Porte Super Baby taxi-ing on the water.

This time Gordon taxied right up on top of the float. Two of the crew stood on the fins, one on each side of the bow, the waves washing up to their waists. But Morris and his wireless observer were seized, pulled up on the drift wires which ran from the nose of the boat back to the wings, and were drawn on board through the front cockpit in an utterly exhausted condition.

Gordon then attempted to take off. His 700-horse power thrust the boat across the waves, hammering and pounding, but with the extra weight on board the boat was too heavy. He tried again. This time the waves smashed the tail-plane and tore off the wing-tip float on the starboard side. Also, owing to the pounding, the hull of the boat was leaking badly. The idea of flying back was abandoned.

The wind was blowing from England. The shore was forty miles away. The fog was thick. Two things could be done. Turn down-wind and run for Holland, making sure of a comparatively easy passage, or fighting home against the sea and wind to England—a hard and difficult task.

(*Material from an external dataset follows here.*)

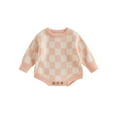 thumbnail image 1 of Sedceaty Newborn Baby Knitted Romper, Warm Long Sleeve Round Neck Checkerboard Print Bodysuit, 1 of 8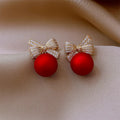 Boucles d'Oreilles Pendantes Boules de Noël Rouges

Gordon shoved the nose of the boat into the sea and wind and began to taxi in on the water. The seas swept over the bow. The water seeped in through the leaks. The bilge pump, kept going constantly, one man's job, could not keep the rising water under. As the wind-driven petrol pumps would only work when the machine was in the air, one man had to keep the petrol hand-pump going to feed the engines.

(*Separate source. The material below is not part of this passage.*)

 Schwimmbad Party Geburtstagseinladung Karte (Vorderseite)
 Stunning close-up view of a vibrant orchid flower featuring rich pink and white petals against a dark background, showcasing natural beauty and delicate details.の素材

Seas bursting over the lower planes were whirled up into the propellers and thrown back over the engines. They were white with the salt; but they kept running.

The tail was nearly full of water from a big leak, but a bulkhead held it out of the main body of the boat, although she was getting heavier and heavier, and was crashing through the seas instead of riding over the top of them. The sledge-hammer blows shook the whole structure.

Without its float the starboard wing-tip buried itself deep in the water each time the boat rolled, pulling itself out again with a shuddering wrench, which each time threatened to pull off the wing.